### THE DATA:
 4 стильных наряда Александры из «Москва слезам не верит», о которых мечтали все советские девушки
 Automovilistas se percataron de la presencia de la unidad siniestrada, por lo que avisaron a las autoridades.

---

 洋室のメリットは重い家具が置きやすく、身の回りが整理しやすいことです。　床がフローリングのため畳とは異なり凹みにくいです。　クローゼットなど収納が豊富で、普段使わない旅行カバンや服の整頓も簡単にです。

...

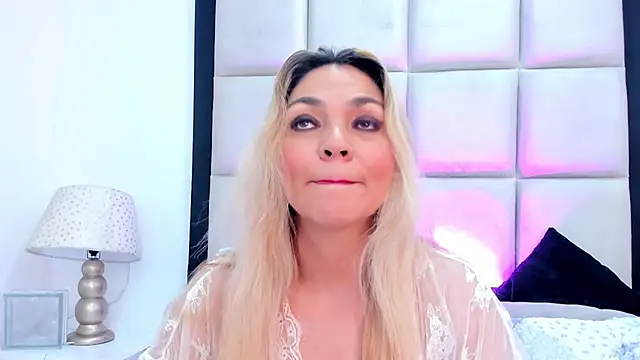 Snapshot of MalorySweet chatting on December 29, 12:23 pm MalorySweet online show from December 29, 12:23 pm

### WHAT IS BEING ASKED:
Nothing should appear in the answer except the lines above from the line with "4 стильных наряда" through the line with "Automovilistas se percataron", both included, written out exactly.

### SOLUTION FOR THIS EXERCISE:
 4 стильных наряда Александры из «Москва слезам не верит», о которых мечтали все советские девушки
 Automovilistas se percataron de la presencia de la unidad siniestrada, por lo que avisaron a las autoridades.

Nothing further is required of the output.